Why you should minimax in two-player zero-sum games

Nisan

17 Why you should minimax in two-player zero-sum games

by Nisan

17th May 2020

AI Alignment Forum

2 min read

1

17 Ω 4

Disclaimer: I'm surely reinventing the wheel here.

Last week I wrote that I was dissatisfied with von Neumann and Morgenstern's argument for playing the minimax strategy in a two-player zero-sum game. Here's an argument I like:

We have two players $A, B$ who play strategies $a, b$ . $A$ is trying to maximize $V (a, b)$ . Since it's a zero-sum game, $B$ is trying to minimize $V$ .

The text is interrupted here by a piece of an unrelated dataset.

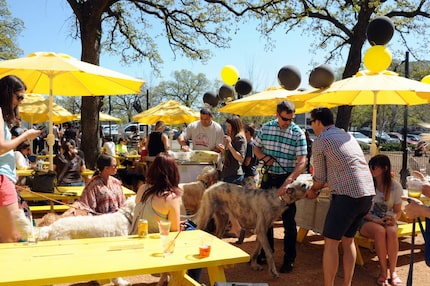 Dogs can even have organized birthday parties on the deck at Mutts Canine Cantina.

$A$ 's minimax strategy is $a^{*} := {argmax}_{a} {min}_{b} V (a, b)$
$B$ 's minimax strategy is $b^{*} := {argmin}_{b} {max}_{a} V (a, b)$
The minimax theorem gives us $v^{*} := {max}_{a} {min}_{b} V (a, b) = {min}_{b} {max}_{a} V (a, b)$

We assume that $A$ believes that no matter what $A$ does, $B$ will be epistemically and instrumentally rational. Epistemic rationality means that $B$ 's factual beliefs are accurate — i.e., $B$ 's beliefs conditional on playing $b$ are accurate if $b$ is the strategy that $B$ actually plays; but $B$ 's beliefs conditional on playing other strategies (his properly counterfactual beliefs) are unconstrained. Instrumental rationality means that if $B$ believes an action is better than all other actions, then $B$ will take that action.

I claim that given the above assumption, it's instrumentally rational for $A$ to play minimax. Here's why:

$B$ believes that if he plays minimax, $V (a, b) \leq v^{*}$ . This follows from the definitions of $b^{*}$ and $v^{*}$ .
If $B$ is epistemically rational, he knows the value of $V (a, b)$ . If $V (a, b) > v^{*}$ , then $B$ would be instrumentally irrational (because he knows he would be better off playing $b^{*}$ ). So if $B$ has both kinds of rationality, $V (a, b) \leq v^{*}$ .
Since $A$ believes $B$ is epistemically and instrumentally rational, $A$ believes that $V (a, b) \leq v^{*}$ , no matter what strategy $A$ plays.
Also, $A$ believes that if she plays minimax, $V (a, b) \geq v^{*}$ . This follows from the definitions of $a^{*}$ and $v^{*}$ .
Thus $A$ believes that minimax is at least as good as any other strategy.

Note that $A$ can still play something other than minimax, as long as she's sure that $V (a, b) = v^{*}$ .

This argument does not justify playing minimax in non-zero-sum games or games with more than 2 players. In those games it's not generally true that one player is trying to minimize another player's reward.

If you squint, this is basically the argument that von Neumann and Morgenstern use, with all the steps and assumptions written out. And if you formalize this argument, I guess you'd get Kripke semantics for games.